To begin with, I think the most straightforward way of solving this is the following. I'll assume that each ballot is stored as a sorted array of the candidates, most-preferred first. For each pair of candidates, loop over all ballots, and search the ballot array sequentially to find the first position that has one of the two candidates in the pair; tally that ballot as a win for the candidate that was found. When you've looped through all the ballots, compare the tallies for the two candidates to determine the winner, and subtract the tallies to determine the margin of victory. But this takes time \( O(C^3), \) not \( O(C^2). \)

The \( O(C^2) \)-time method that was intended is presumably something like the following one. We will make a matrix \( M[i,j] \) that will eventually store the number of voters who prefer candidate \( i \) to candidate \( j, \) initially all zeros. We then loop through the ballots one at a time. For each ballot \( B, \) each \( i \) in the range from \( 1 \) to \( C, \) and each \( j \) in the range from \( i+1 \) to \( C, \) we add one to the count for \( M[B[i],B[j]]. \) Finally, after computing this matrix, we can compare \( M[i,j] \) to \( M[j,i] \) as before to determine each pairwise winner, or subtract these two numbers to determine the margin of victory.

But when the number of voters is big (larger than \( C! \)) there's a different way to tally the votes that's more efficient. First, sort the ballots, so that all people who voted the same way are collected into the same group. (This can be done by treating each vote as a number in the factorial number system and applying counting sort to these numbers).

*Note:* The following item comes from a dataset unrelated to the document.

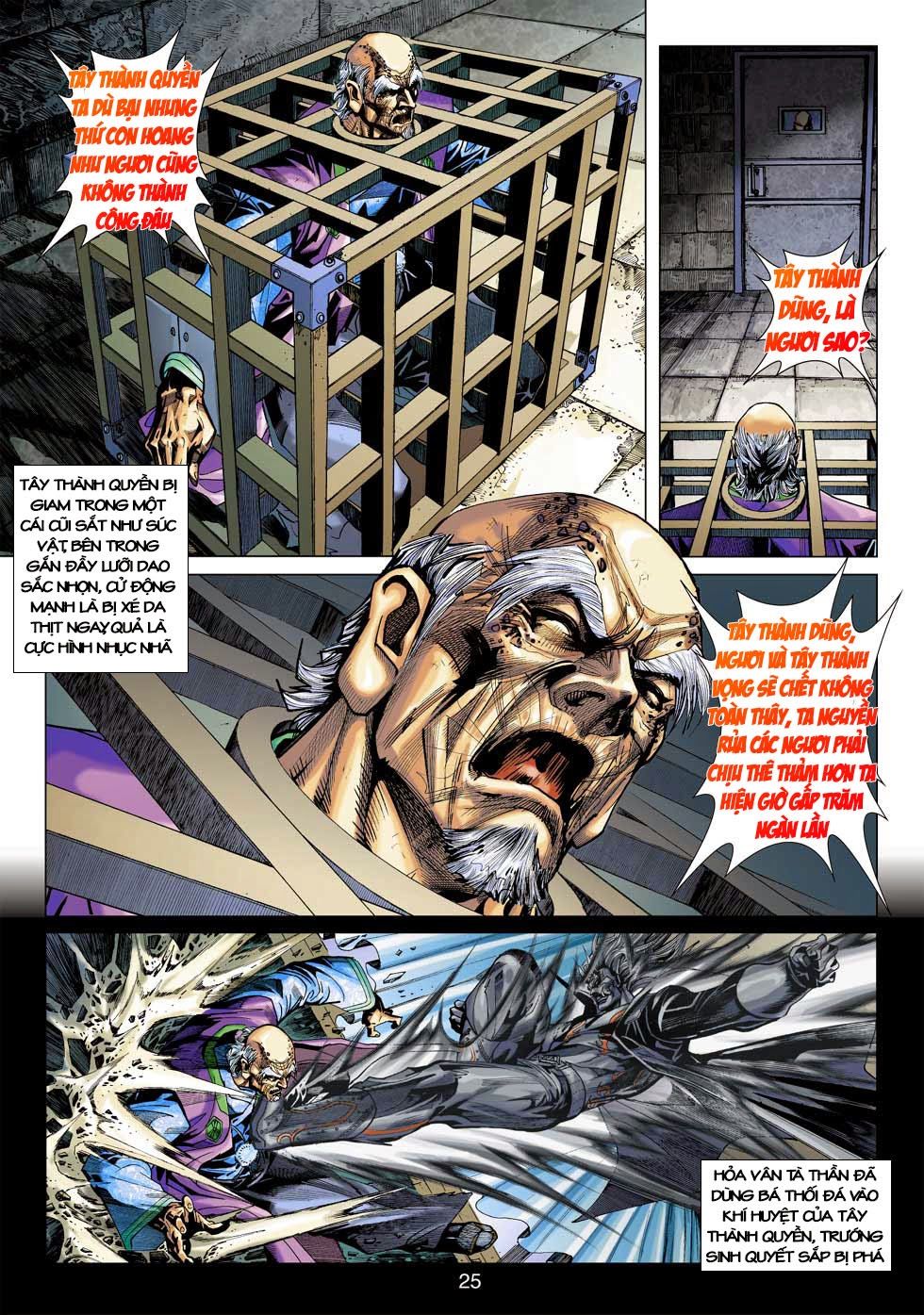 Long Hổ Môn Chapter 397 - Trang 2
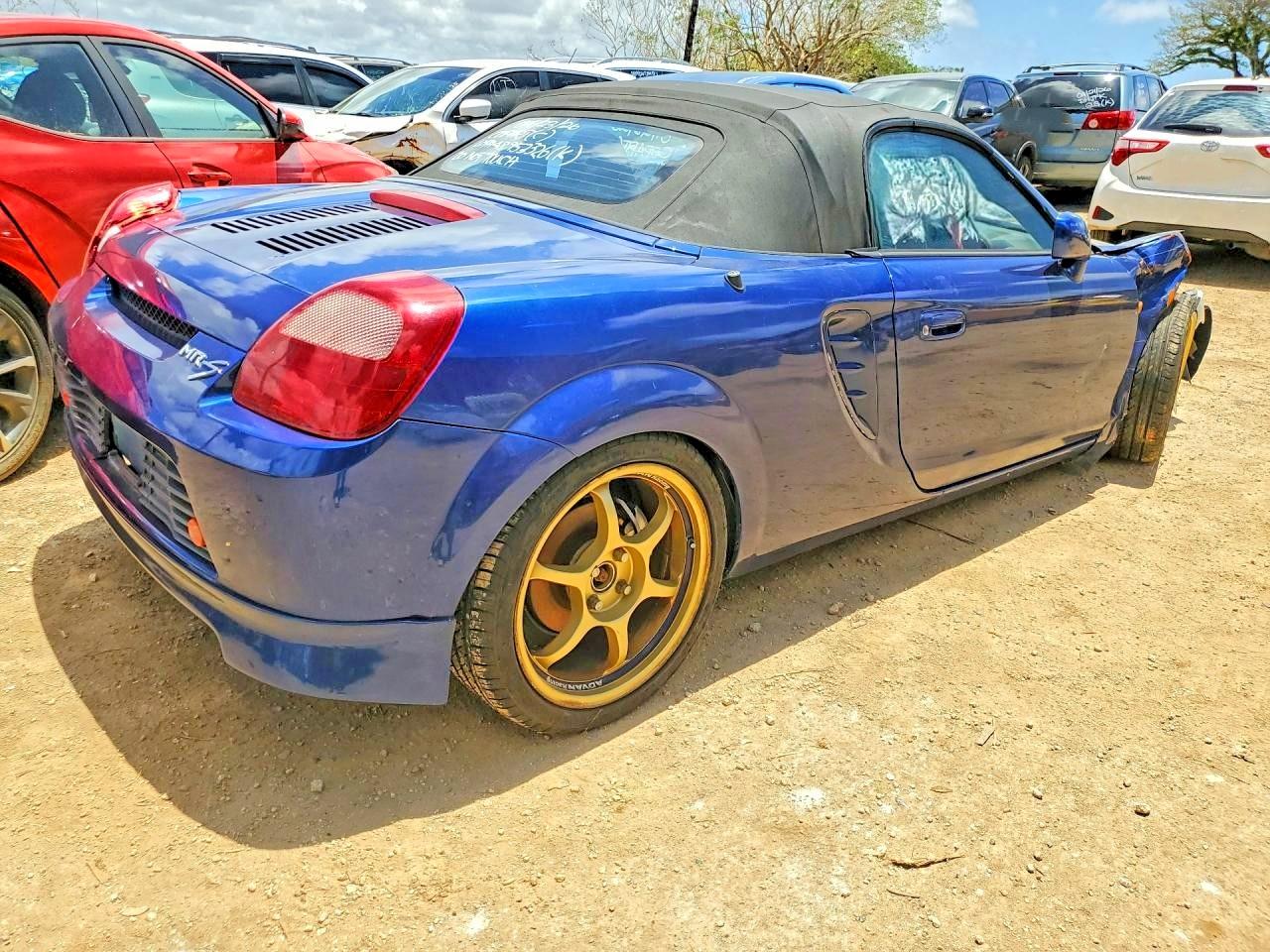Toyota Mr s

Then, apply the \( O(C^2) \)-time method to the grouped ballots, looping over all groups rather than all individual ballots and changing the part that adds one to \( M[B[i],B[j]] \) so that instead it adds the size of a group of ballots. The running time is \( O(Cn) \) to number and sort the ballots, plus \( O(C^2 C!) \) to tally them. So we've reduced the dependence on \( n \) down to linear in \( C, \) at the expense of adding another term that is a much larger function of \( C. \) For systems like the Oscars or Hugos that have only five candidates and thousands of voters, this could be a win.

It's not possible to achieve a time of just \( O(Cn), \) without the extra term, because even when \( n \) is tiny the output size is \( C^2. \) But it is possible to trade off between the grouped and ungrouped tallying methods, when n is intermediate in size. To do so, group the candidates (arbitrarily) into blocks of \( B \) candidates (preferably a power of two; we'll pick the right size for \( B \) later). We can partition a voter's preferences into blocks in time \( O(Cn) \) by using bucket sort to partition the candidates into blocks in their preference order, and we can determine the voter's preferences between the candidates in the union of two blocks in time \( O(B) \) by applying a merge algorithm, comparing candidates using a reverse index of the positions of each candidate in the voter's preference list. There are \( O((C/B)^2) \) pairs of blocks, so combining the times for splitting votes into blocks and for applying the factorial method to each pair of blocks gives a total runtime of \( O(Cn+C^2n/B+C^2(2B)!). \) The right choice for \( B \) is the one which makes the second and last terms of this runtime approximately equal (\( B \) proportional to \( \log n/\log\log n \)) and this logarithmic factor is the amount by which the middle term of the time bound is faster than the "straightforward" \( O(C^2n) \)-time method.